EXERCISE AIM » All lines from the one that contains "this 270×180 image." to the end of the data must be retyped exactly. Pictures are not retyped.

SUPPLIED DATA »
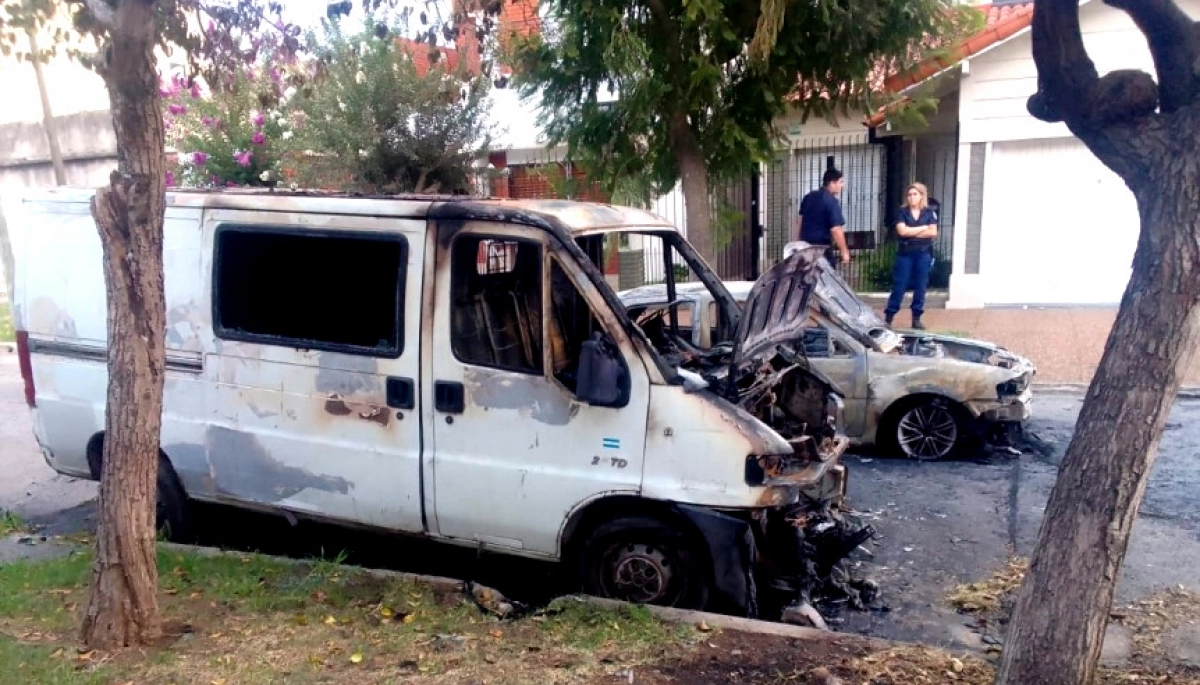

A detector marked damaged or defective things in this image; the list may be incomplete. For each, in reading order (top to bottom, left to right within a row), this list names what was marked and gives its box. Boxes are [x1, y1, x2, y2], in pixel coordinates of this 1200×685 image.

broken window [213, 226, 406, 356]
burned white van [9, 188, 872, 620]
broken window [450, 235, 544, 374]
broken window [552, 258, 608, 396]
fire damage [636, 244, 880, 624]
burned car [624, 240, 1032, 460]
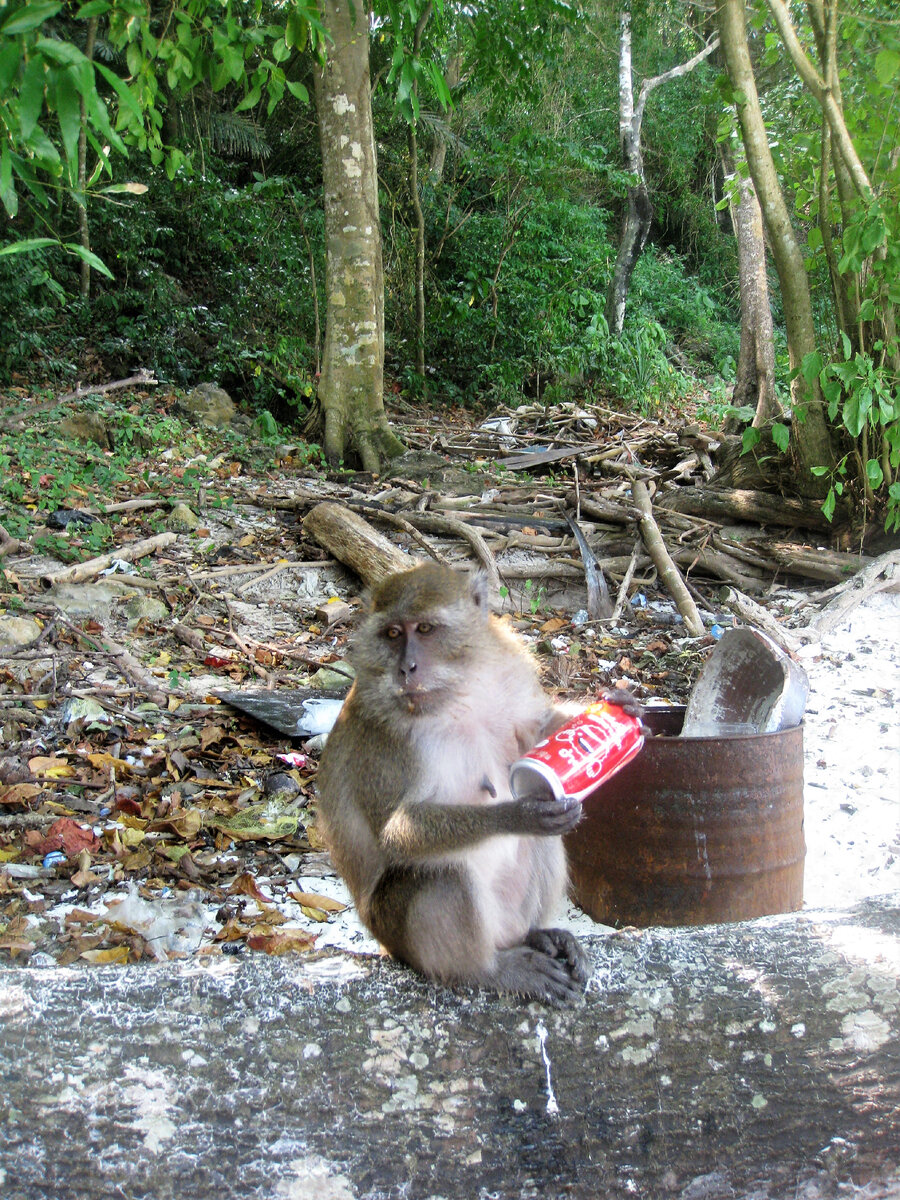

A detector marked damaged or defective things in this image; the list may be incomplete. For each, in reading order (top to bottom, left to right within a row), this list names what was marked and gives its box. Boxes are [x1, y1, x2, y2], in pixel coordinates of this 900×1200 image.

rusted drum [566, 700, 806, 926]
rusty metal barrel [566, 700, 806, 926]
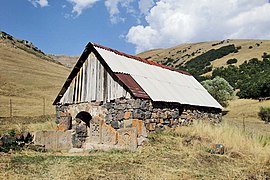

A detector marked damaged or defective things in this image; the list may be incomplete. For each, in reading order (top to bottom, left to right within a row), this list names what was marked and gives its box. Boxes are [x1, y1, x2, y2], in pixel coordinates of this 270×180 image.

rusty red trim [92, 42, 191, 75]
rusty red trim [115, 73, 151, 99]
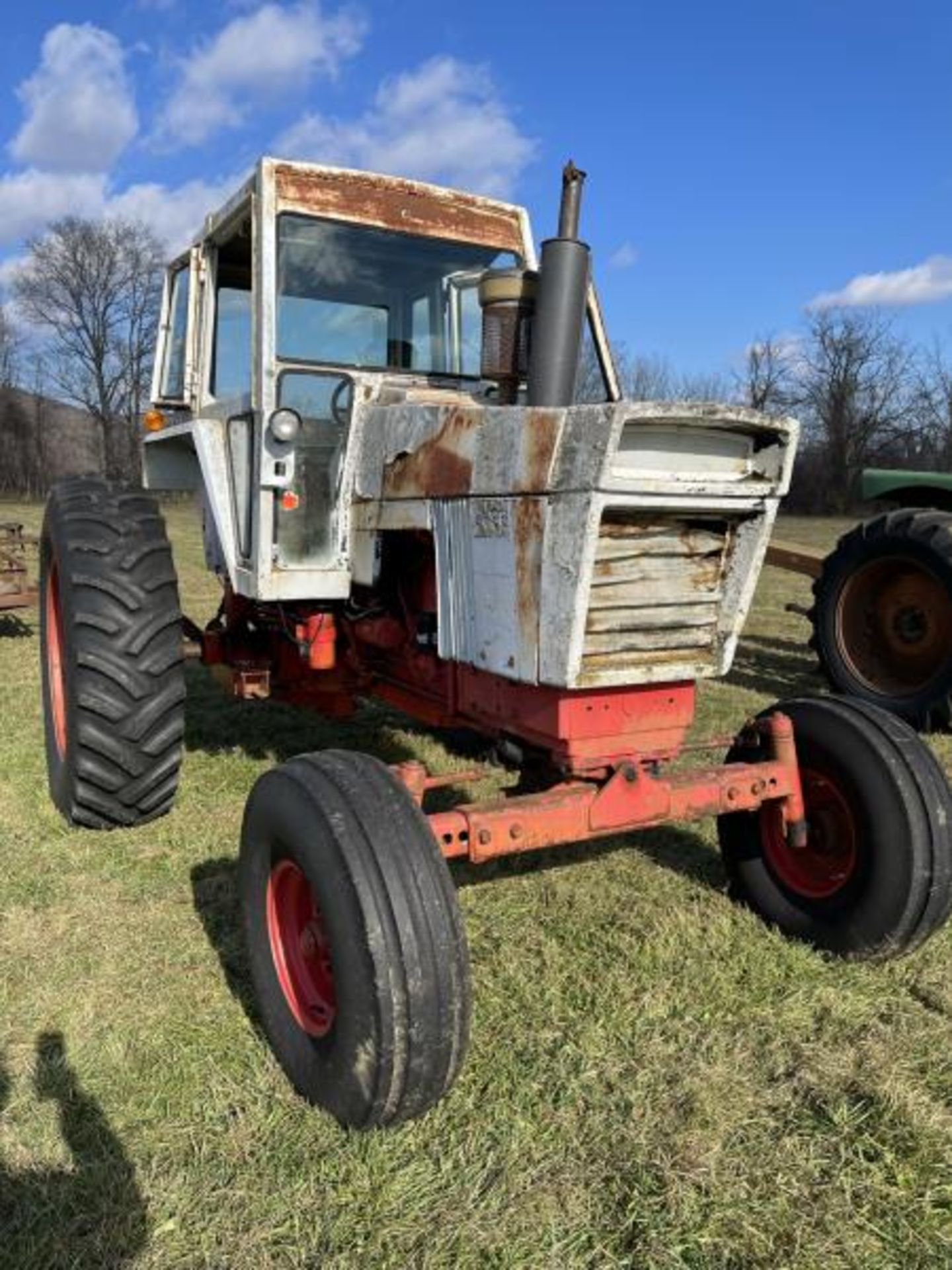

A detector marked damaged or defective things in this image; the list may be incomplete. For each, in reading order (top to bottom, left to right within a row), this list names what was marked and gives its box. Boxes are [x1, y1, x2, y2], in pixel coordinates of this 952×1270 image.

rust on metal [275, 162, 530, 254]
rust on metal [383, 411, 479, 500]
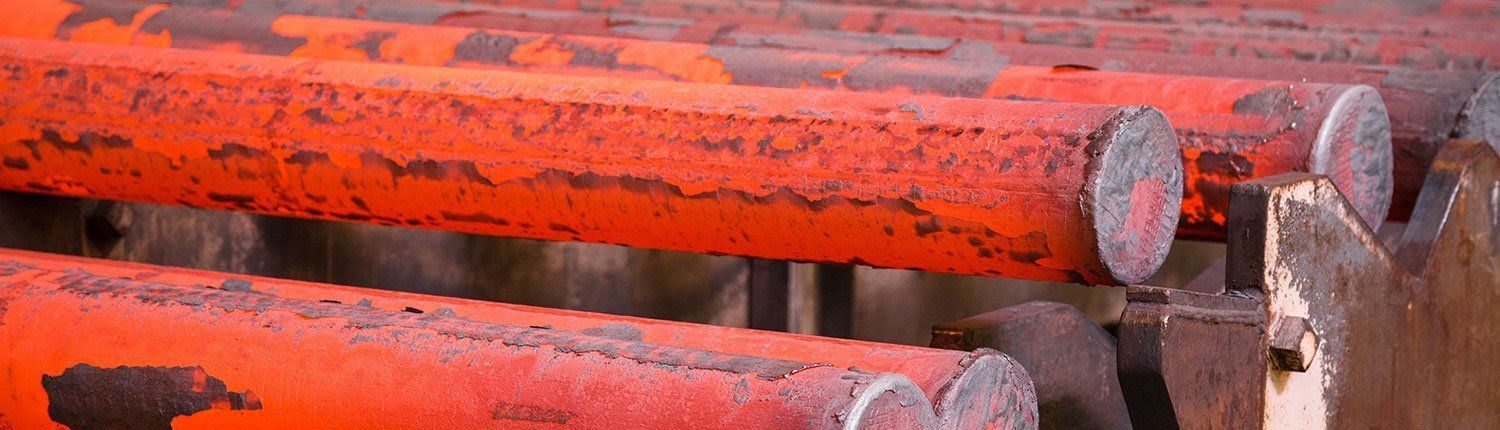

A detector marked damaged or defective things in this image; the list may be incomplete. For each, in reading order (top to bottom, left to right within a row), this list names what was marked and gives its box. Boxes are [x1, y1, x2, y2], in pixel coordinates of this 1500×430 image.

surface rust [0, 37, 1184, 284]
surface rust [0, 3, 1400, 239]
surface rust [0, 250, 952, 428]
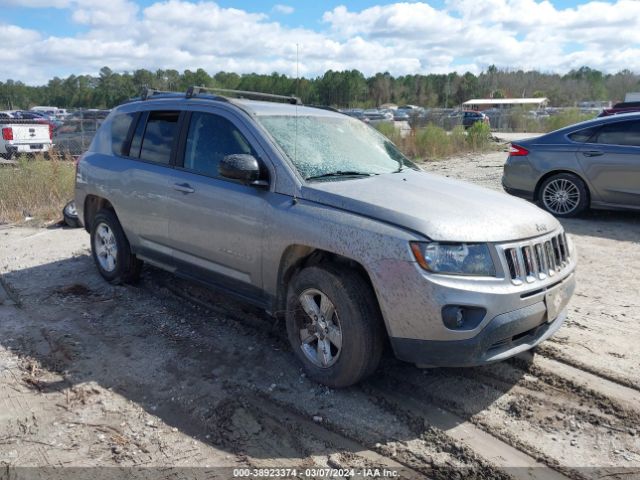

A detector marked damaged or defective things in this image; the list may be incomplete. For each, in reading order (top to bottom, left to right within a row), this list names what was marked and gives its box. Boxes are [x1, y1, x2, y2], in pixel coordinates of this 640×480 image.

shattered windshield [258, 113, 412, 181]
cracked glass windshield [258, 113, 412, 181]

SOLVED EXERCISE »
A detector marked damaged or defective things in this image; the list may be incomplete. For each, in reading order (top to bottom, left to right within a row), this list names what was marked and gives its box. Boxes are [x1, y1, x2, y2], in pixel coordinates of this 270×180 image.

rusty red trim [92, 42, 191, 75]
rusty red trim [115, 73, 151, 99]

A detector marked damaged or defective things in this image; the list may be incomplete. For each, in reading order (top to bottom, left to right within a row), this list names what was marked and gives its box. Boxes are [x1, y1, x2, y2], in pixel coordinates of this 952×1270 image.

rust on metal [275, 162, 530, 254]
rust on metal [383, 411, 479, 500]

A detector marked damaged or defective things in this image; the list may be incomplete. For each, in reading order (top to bottom, left to right within a row), this list names what was marked and gives its box. Boxes are [x1, y1, x2, y2], in pixel coordinates of this 1500×430 image.

surface rust [0, 37, 1184, 284]
surface rust [0, 3, 1400, 239]
surface rust [0, 250, 952, 428]

A detector marked damaged or defective things in this image; the list may be incomplete. For each, in reading order (top to bottom, left to right within a row), this list names what was marked and gives its box. Boxes are [x1, y1, x2, y2], in pixel coordinates of this 640×480 image.

shattered windshield [258, 113, 412, 181]
cracked glass windshield [258, 113, 412, 181]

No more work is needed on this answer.